• MATERIALS PROVIDED:

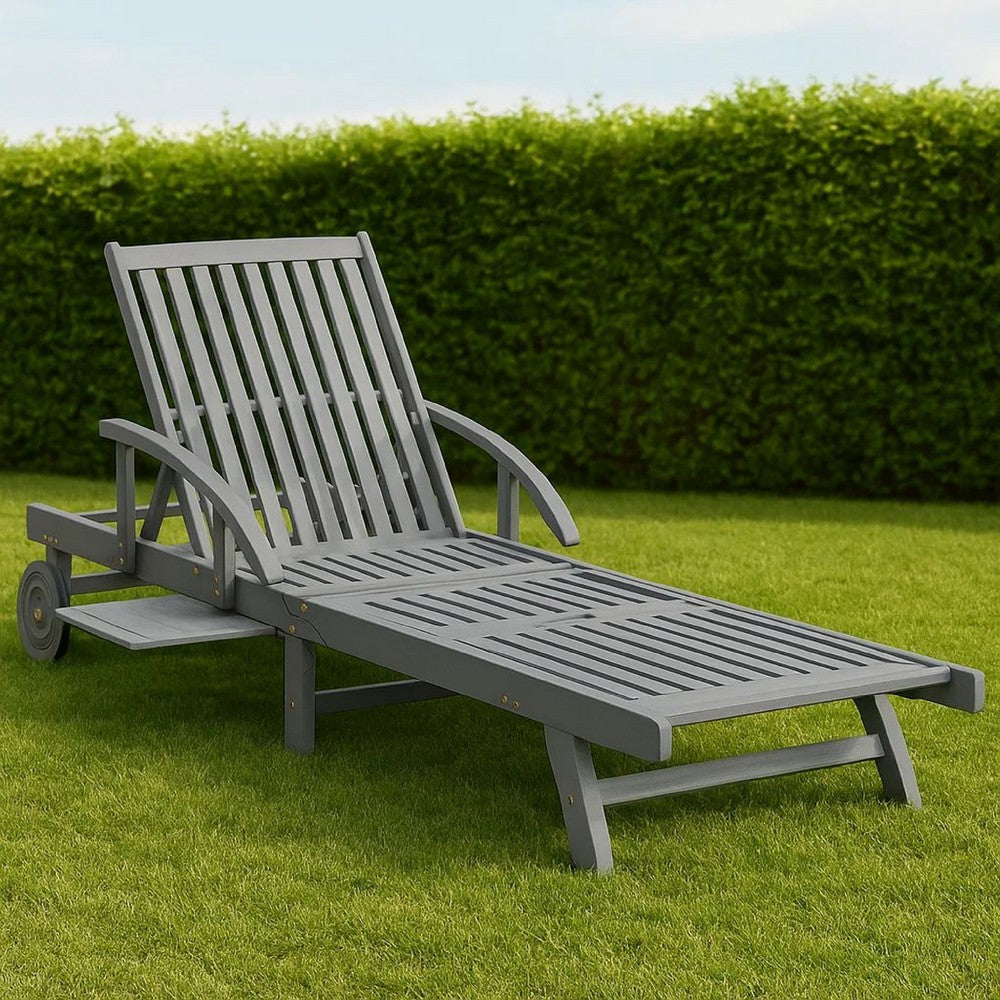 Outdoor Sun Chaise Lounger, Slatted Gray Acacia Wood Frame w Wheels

==

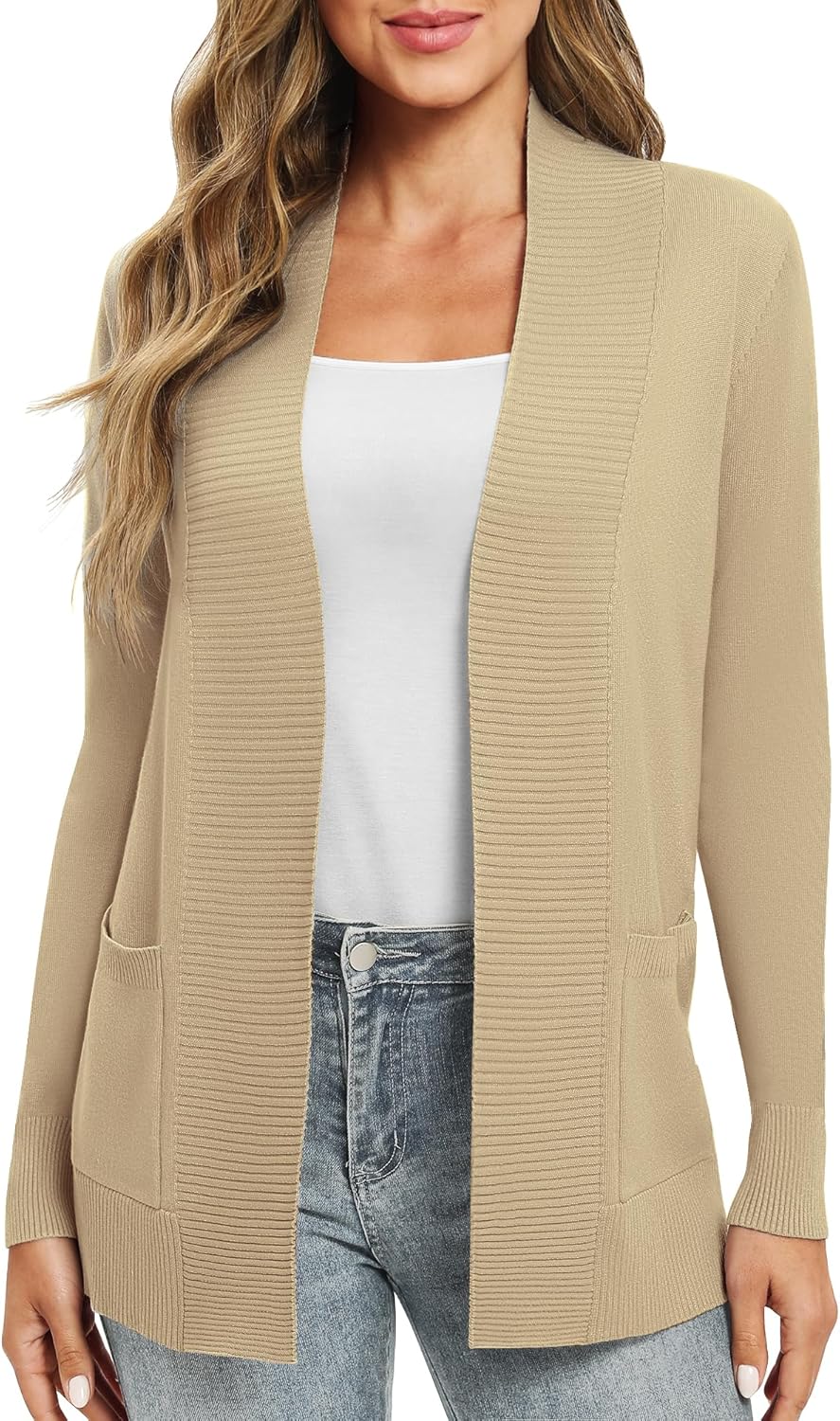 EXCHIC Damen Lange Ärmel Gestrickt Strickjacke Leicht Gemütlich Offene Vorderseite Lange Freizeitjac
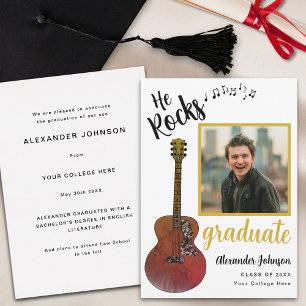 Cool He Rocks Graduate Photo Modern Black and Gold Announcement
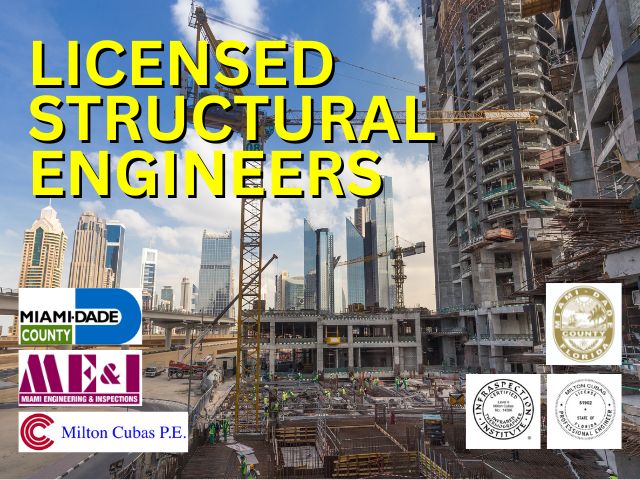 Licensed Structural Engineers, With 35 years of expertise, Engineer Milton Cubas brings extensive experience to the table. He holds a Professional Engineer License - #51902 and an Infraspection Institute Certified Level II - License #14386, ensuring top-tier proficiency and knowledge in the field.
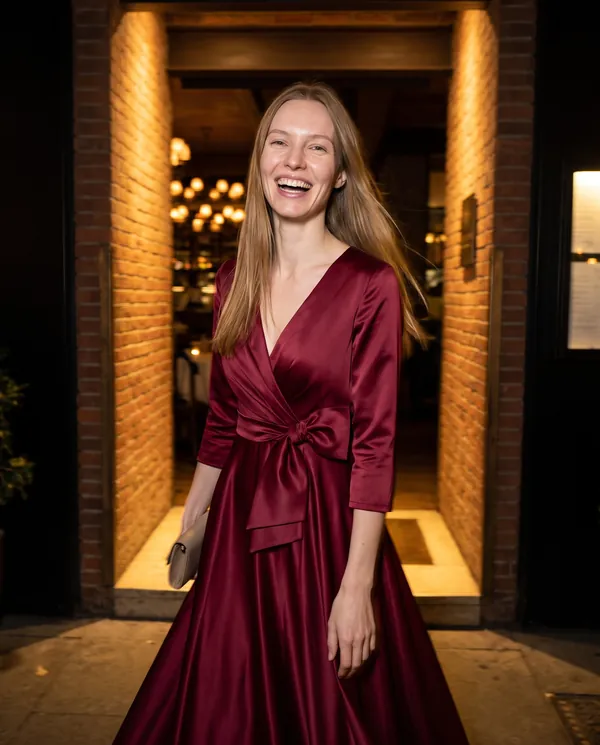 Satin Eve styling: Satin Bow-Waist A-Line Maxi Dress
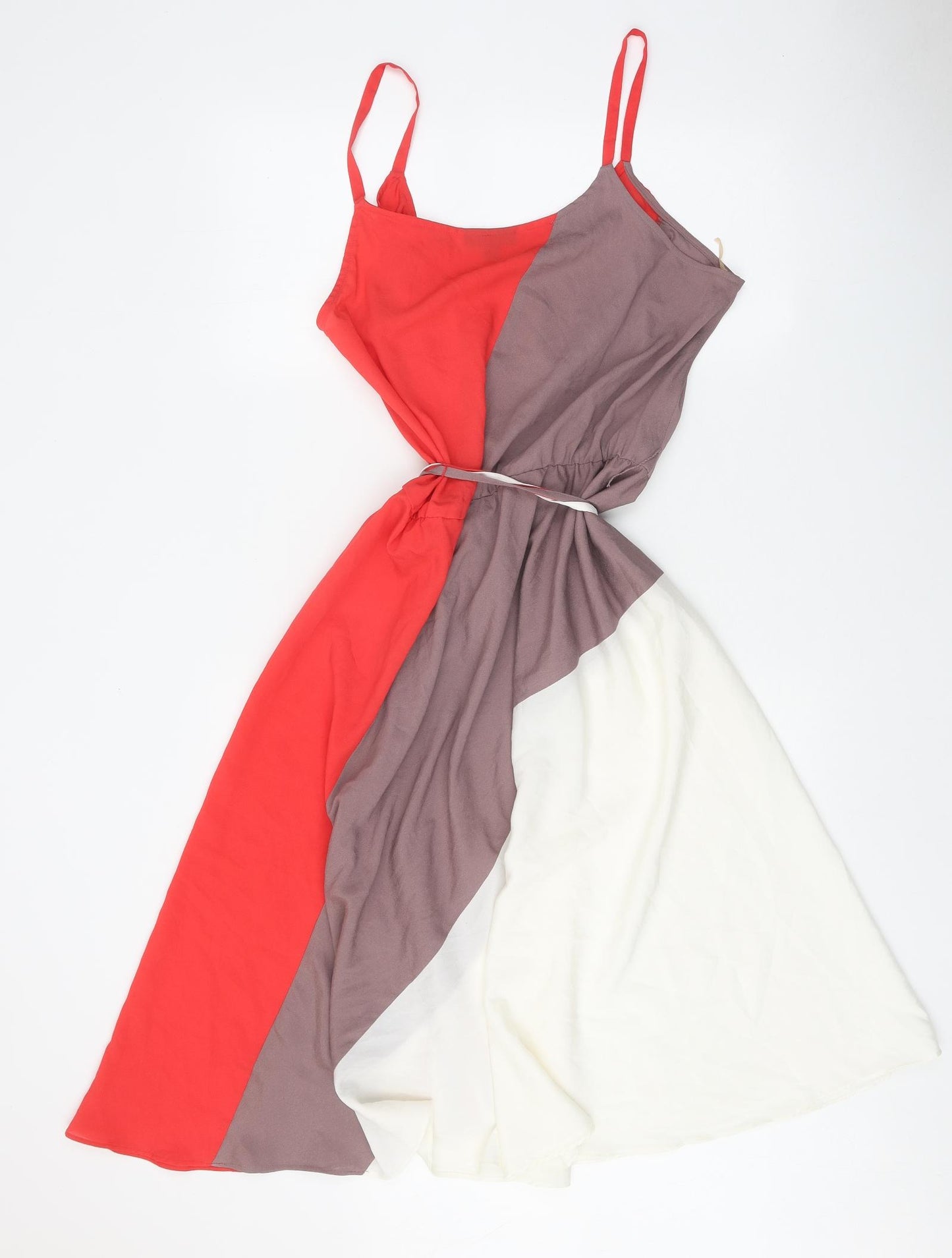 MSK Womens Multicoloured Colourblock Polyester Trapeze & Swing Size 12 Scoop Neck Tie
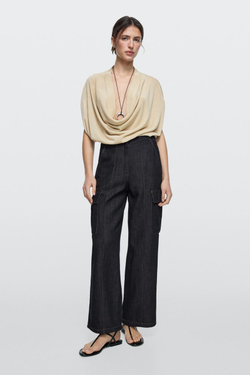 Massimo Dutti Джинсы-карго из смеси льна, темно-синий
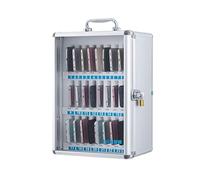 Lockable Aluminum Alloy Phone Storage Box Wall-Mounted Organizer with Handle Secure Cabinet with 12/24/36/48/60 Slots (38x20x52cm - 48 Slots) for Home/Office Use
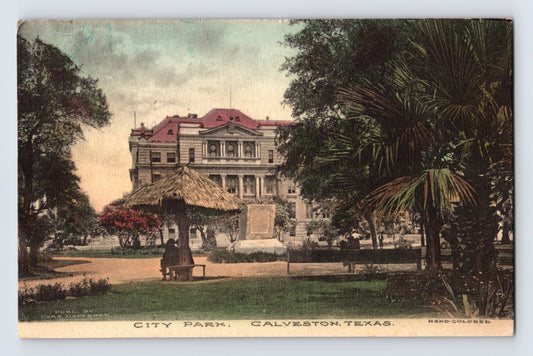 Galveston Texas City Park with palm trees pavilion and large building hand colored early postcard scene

--

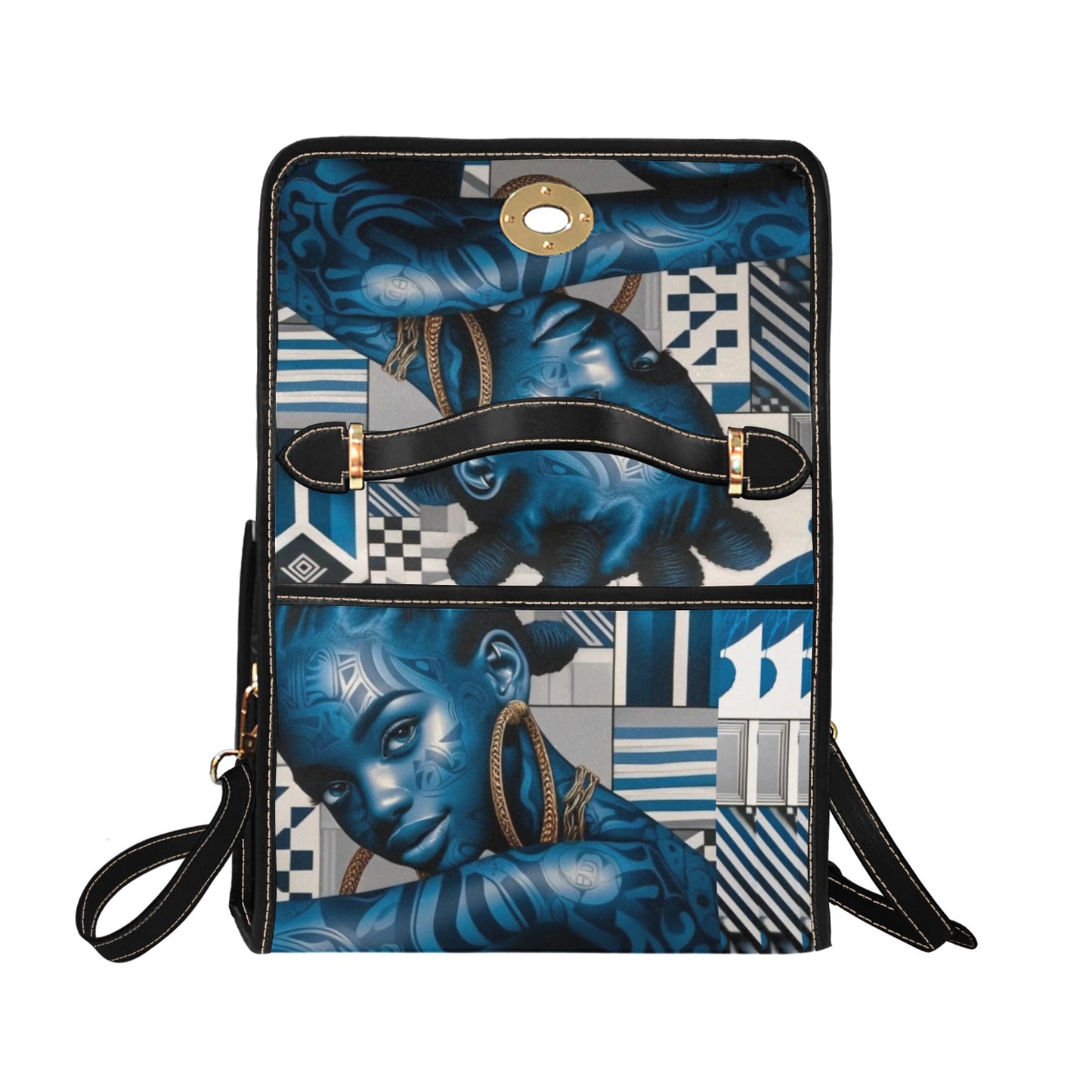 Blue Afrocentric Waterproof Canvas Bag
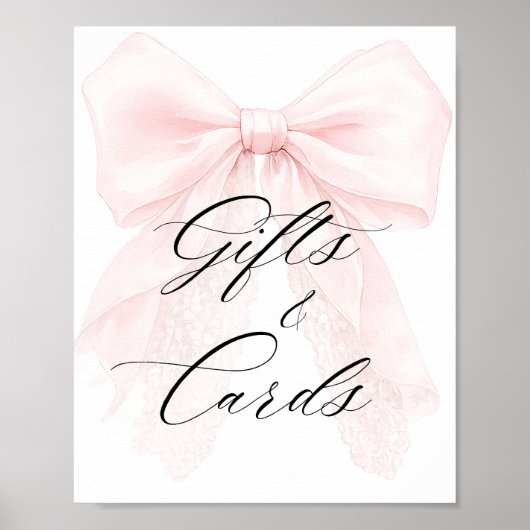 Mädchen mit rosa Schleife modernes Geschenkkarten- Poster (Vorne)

• PROBLEM DETAILS:
Give the lines above again exactly, from the one containing "Cool He Rocks" to the one containing "Galveston Texas City", both included, but leave out the pictures.

• YOUR RESPONSE:
 Cool He Rocks Graduate Photo Modern Black and Gold Announcement
 Licensed Structural Engineers, With 35 years of expertise, Engineer Milton Cubas brings extensive experience to the table. He holds a Professional Engineer License - #51902 and an Infraspection Institute Certified Level II - License #14386, ensuring top-tier proficiency and knowledge in the field.
 Satin Eve styling: Satin Bow-Waist A-Line Maxi Dress
 MSK Womens Multicoloured Colourblock Polyester Trapeze & Swing Size 12 Scoop Neck Tie
 Massimo Dutti Джинсы-карго из смеси льна, темно-синий
 Lockable Aluminum Alloy Phone Storage Box Wall-Mounted Organizer with Handle Secure Cabinet with 12/24/36/48/60 Slots (38x20x52cm - 48 Slots) for Home/Office Use
 Galveston Texas City Park with palm trees pavilion and large building hand colored early postcard scene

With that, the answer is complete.